Он вздрогнул: «Можно, конечно, если тебе так хочется...» И вдруг расхохотался: «Подумать только, выманить всех на прогулку к Гудвангену, потратить целый день — и вернуться!»— он рассмеялся еще сильнее.
«Девочка передумала!— крикнул он на вторую шхуну, которая пыхтела чуть впереди нас.— Поворачиваем!»
К счастью, никто не обиделся на меня за этот каприз, напротив, все только обрадовались моему решению. Назад возвращались весело и провели еще один славный вечер в «Экедале». Но я так никогда и не повидала отцовских Сталхеймских обрывов.

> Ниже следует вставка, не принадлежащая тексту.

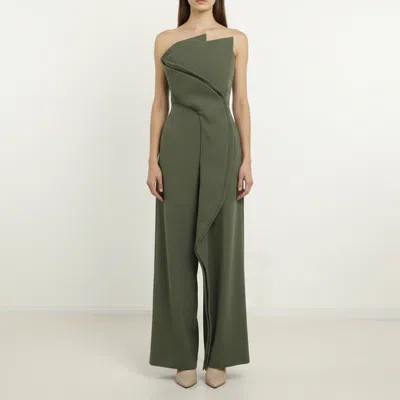 Pre-owned 424 Azzi & Osta Green Crepe Look 8 Strapless Jumpsuit M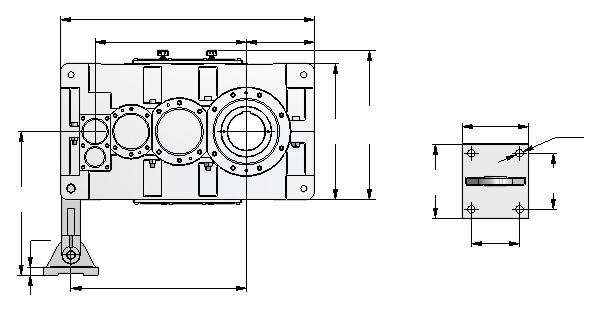 Gear-units with Parallel and Orthogonal Shafts 3 Stages Dimensions 58 Parallel Orthogonal 22 1305 6 625 6 900 oot mounting 13 6 133 9 2226 485 9 ø54 (6) Holes 720 8 13 6 133 485 ø54 720 9 9 (6) Holes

От залитого солнцем Балестранна путь «Веслемей» лежал к Шетландским островам, и отец вел наблюдения и на море, и на суше. При входе в гавань Ларвик он встретил 150 шхун, которые шли ставить сети. Наутро они вернулись с уловом, и на причалах поднялось невиданное оживление. «Видимо, этот край бурно развивается»,— подумал Нансен. Он пустился в разговоры с жителями, чтобы разузнать все хорошенько, но сведения оказались невеселыми. Только три судна были местные, а купцы на причалах — тоже большей частью приезжие. Нансен предпринял небольшую поездку по Шетландским островам, но все, что он увидел, также было малоутешительным. Лишь кое-где попадались крестьянские дворы, земля, вроде бы и неплохая, не возделывалась.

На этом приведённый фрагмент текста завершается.